--- The records ---
● ● ● ● ●

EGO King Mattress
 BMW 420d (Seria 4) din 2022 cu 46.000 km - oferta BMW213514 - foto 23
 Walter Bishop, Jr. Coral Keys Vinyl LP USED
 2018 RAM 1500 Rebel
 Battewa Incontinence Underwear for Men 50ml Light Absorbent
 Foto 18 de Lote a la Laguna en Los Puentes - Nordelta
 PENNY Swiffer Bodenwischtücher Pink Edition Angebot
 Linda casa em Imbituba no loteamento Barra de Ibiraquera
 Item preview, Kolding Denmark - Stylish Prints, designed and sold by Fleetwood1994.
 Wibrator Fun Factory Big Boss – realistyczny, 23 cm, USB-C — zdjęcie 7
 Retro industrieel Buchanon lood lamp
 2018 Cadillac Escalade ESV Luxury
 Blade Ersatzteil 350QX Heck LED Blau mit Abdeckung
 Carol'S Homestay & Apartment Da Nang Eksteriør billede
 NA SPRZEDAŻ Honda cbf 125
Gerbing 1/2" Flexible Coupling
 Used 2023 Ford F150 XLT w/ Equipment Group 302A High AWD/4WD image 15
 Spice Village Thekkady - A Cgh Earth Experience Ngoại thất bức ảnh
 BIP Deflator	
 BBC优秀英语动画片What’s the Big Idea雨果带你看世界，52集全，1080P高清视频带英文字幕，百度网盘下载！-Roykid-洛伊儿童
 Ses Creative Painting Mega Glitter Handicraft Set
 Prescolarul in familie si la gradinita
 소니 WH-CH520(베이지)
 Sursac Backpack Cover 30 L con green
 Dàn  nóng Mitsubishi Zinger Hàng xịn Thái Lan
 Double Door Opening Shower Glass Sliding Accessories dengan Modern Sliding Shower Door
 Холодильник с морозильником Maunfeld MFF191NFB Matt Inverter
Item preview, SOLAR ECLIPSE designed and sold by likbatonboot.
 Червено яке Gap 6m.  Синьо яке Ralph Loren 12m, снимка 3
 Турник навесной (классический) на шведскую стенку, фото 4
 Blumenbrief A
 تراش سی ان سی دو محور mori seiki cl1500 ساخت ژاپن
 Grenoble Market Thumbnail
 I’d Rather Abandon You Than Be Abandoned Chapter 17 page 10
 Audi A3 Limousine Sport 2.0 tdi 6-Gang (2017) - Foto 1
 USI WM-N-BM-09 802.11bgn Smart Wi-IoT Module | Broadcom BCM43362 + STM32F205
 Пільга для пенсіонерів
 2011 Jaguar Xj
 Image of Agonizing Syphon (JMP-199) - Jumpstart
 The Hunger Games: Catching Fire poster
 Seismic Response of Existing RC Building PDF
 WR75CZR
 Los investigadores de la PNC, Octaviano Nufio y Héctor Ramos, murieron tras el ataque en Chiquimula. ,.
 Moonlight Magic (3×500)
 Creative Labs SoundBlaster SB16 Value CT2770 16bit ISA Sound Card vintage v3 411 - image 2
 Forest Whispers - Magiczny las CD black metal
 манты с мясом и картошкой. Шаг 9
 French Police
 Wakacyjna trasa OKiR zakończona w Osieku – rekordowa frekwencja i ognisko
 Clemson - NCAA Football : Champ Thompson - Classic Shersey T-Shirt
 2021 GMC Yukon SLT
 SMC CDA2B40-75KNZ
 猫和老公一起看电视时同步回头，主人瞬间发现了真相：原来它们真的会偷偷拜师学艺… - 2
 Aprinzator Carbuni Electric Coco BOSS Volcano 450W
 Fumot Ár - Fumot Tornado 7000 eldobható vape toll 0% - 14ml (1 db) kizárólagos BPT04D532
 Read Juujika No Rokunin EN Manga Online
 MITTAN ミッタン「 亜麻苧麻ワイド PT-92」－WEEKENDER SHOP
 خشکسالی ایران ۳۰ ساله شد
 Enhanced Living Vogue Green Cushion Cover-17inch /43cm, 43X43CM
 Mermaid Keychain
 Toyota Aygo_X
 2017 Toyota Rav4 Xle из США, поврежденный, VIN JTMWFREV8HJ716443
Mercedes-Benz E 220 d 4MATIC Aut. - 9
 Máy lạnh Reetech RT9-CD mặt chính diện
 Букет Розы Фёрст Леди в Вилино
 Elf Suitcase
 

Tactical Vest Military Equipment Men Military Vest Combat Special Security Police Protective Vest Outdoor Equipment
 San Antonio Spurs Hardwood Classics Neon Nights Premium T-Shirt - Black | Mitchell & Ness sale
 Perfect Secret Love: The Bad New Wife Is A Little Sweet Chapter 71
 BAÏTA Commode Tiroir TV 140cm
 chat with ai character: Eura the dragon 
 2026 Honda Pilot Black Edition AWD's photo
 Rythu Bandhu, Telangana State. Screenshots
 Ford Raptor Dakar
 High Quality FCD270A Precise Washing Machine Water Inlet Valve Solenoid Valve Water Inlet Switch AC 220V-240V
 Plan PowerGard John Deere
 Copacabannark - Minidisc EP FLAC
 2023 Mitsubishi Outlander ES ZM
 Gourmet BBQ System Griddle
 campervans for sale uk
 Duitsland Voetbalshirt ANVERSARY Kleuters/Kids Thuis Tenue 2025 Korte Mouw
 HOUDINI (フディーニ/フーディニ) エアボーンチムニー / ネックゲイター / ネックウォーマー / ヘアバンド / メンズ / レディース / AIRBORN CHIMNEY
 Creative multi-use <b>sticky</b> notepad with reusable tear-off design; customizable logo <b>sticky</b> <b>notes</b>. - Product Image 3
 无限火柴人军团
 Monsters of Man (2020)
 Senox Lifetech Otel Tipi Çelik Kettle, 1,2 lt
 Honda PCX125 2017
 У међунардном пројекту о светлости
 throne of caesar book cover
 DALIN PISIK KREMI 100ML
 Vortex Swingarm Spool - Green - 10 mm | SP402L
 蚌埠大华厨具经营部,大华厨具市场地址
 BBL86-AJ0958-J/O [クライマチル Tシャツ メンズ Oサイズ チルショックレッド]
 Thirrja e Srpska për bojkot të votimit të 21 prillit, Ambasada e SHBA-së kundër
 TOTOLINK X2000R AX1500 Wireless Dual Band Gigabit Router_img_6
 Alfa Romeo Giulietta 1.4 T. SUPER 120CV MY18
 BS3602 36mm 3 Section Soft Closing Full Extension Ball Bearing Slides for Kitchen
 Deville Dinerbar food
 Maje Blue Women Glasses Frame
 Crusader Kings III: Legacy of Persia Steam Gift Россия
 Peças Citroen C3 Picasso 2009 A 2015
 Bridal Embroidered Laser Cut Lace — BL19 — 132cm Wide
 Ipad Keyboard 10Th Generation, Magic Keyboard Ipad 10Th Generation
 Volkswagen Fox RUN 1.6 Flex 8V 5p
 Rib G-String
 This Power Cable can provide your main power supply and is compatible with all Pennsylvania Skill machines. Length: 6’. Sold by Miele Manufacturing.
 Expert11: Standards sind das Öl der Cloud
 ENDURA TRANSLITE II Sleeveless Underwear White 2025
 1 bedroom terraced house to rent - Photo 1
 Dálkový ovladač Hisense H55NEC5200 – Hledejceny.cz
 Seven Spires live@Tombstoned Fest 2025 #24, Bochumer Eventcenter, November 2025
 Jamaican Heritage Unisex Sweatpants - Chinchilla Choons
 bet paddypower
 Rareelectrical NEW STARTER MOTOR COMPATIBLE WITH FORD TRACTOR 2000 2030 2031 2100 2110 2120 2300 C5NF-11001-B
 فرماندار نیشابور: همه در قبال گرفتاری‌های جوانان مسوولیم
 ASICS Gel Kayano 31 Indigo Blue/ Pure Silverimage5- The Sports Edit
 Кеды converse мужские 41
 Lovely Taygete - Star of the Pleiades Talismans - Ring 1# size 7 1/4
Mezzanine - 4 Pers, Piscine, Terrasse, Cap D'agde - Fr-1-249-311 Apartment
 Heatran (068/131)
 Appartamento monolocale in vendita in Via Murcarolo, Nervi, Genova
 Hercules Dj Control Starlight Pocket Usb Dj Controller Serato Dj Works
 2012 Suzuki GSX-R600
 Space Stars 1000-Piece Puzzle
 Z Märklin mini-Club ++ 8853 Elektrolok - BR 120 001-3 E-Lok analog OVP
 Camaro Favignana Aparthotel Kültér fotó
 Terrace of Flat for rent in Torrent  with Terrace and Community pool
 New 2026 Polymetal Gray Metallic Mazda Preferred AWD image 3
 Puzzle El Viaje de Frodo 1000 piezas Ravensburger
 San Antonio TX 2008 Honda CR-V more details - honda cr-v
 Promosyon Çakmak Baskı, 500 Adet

● ● ● ● ●

--- Work to be completed ---
In the entries above, please find the line with "Walter Bishop, Jr. Coral Keys Vinyl LP USED" and the line with "PENNY Swiffer Bodenwischtücher", then write out exactly those two lines and every line between them, and nothing more.

--- Finished exercise ---
 Walter Bishop, Jr. Coral Keys Vinyl LP USED
 2018 RAM 1500 Rebel
 Battewa Incontinence Underwear for Men 50ml Light Absorbent
 Foto 18 de Lote a la Laguna en Los Puentes - Nordelta
 PENNY Swiffer Bodenwischtücher Pink Edition Angebot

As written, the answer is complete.